Metadata-Version: 2.1
Name: langvae
Version: 0.2.6
Summary: LangVAE: Large Language VAEs made simple
Home-page: 
Author: Danilo S. Carvalho
Author-email: "Danilo S. Carvalho" <danilo.carvalho@manchester.ac.uk>
Project-URL: Homepage, https://github.com/neuro-symbolic-ai/LangVAE
Project-URL: Issues, https://github.com/neuro-symbolic-ai/LangVAE/issues
Keywords: vae,llm,generative,nlp
Classifier: Programming Language :: Python :: 3
Classifier: License :: OSI Approved :: GNU General Public License v3 (GPLv3)
Classifier: Operating System :: OS Independent
Requires-Python: >=3.9
Description-Content-Type: text/markdown
License-File: LICENSE
Requires-Dist: pythae
Requires-Dist: torch
Requires-Dist: transformers
Requires-Dist: saf-nlp

# LangVAE: Large Language VAEs made simple 

LangVAE is a Python library for training and running language models using Variational Autoencoders (VAEs).
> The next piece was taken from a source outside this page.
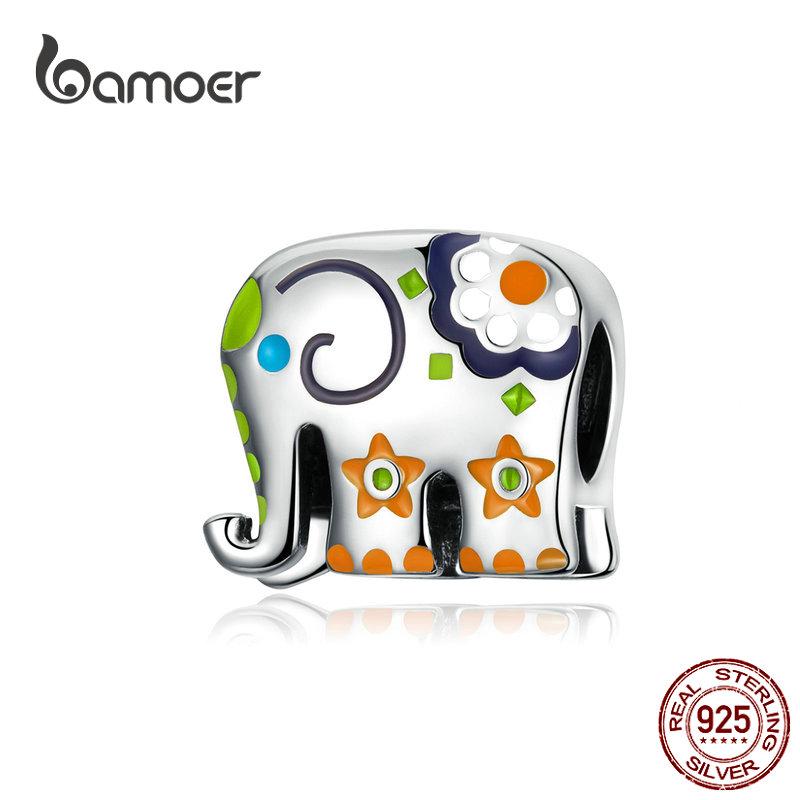 BAMOER Elephant Charms Bead fit DIY Bracelet Necklaces 925 Sterling Silver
It provides an easy-to-use interface to train VAEs on text data, allowing users to customize the model architecture, loss function, and training parameters.

## Installation

To install LangVAE, simply run:

```bash
pip install langvae
```

This will install all necessary dependencies and set up the package for use in your Python projects.

## Usage

Here's a basic example of how to train a VAE on text data using LangVAE:

```python
from pythae.models.vae import VAEConfig
from langvae import LangVAE
from langvae.encoders import SentenceEncoder
from langvae.decoders import SentenceDecoder
from langvae.data_conversion.tokenization import TokenizedDataSet
from langvae.pipelines import LanguageTrainingPipeline
from langvae.trainers import CyclicalScheduleKLThresholdTrainerConfig
from saf_datasets import EntailmentBankDataSet

DEVICE = "cuda"
LATENT_SIZE = 32
MAX_SENT_LEN = 32

# Load pre-trained sentence encoder and decoder models.
decoder = SentenceDecoder("gpt2", LATENT_SIZE, MAX_SENT_LEN, device=DEVICE)
encoder = SentenceEncoder("bert-base-cased", LATENT_SIZE, decoder.tokenizer, device=DEVICE)

# Select explanatory sentences from the EntailmentBank dataset.
dataset = [
    sent for sent in EntailmentBankDataSet()
    if (sent.annotations["type"] == "answer" or 
        sent.annotations["type"].startswith("context"))
]

# Set training and evaluation datasets with auto tokenization.
eval_size = int(0.1 * len(dataset))
train_dataset = TokenizedDataSet(dataset[:-eval_size], decoder.tokenizer, decoder.max_len)
eval_dataset = TokenizedDataSet(dataset[-eval_size:], decoder.tokenizer, decoder.max_len)


# Define VAE model configuration
model_config = VAEConfig(
    input_dim=(train_dataset[0]["data"].shape[-2], train_dataset[0]["data"].shape[-1]),
    latent_dim=LATENT_SIZE
)

# Initialize LangVAE model
model = LangVAE(model_config, encoder, decoder)

# Train VAE on explanatory sentences
training_config = CyclicalScheduleKLThresholdTrainerConfig(
    output_dir='expl_vae',
    num_epochs=5,
    learning_rate=1e-4,
    per_device_train_batch_size=50,
    per_device_eval_batch_size=50,
    steps_saving=1,
    optimizer_cls="AdamW",
    scheduler_cls="ReduceLROnPlateau",
    scheduler_params={"patience": 5, "factor": 0.5},
    max_beta=1.0,
    n_cycles=40,
    target_kl=2.0
)

pipeline = LanguageTrainingPipeline(
    training_config=training_config,
    model=model
)

pipeline(
    train_data=train_dataset,
    eval_data=eval_dataset
)
```

This example loads pre-trained encoder and decoder models, defines a VAE model configuration, initializes the LangVAE model, and trains it on text data using a custom training pipeline.


## License

LangVAE is licensed under the GPLv3 License. See the LICENSE file for details.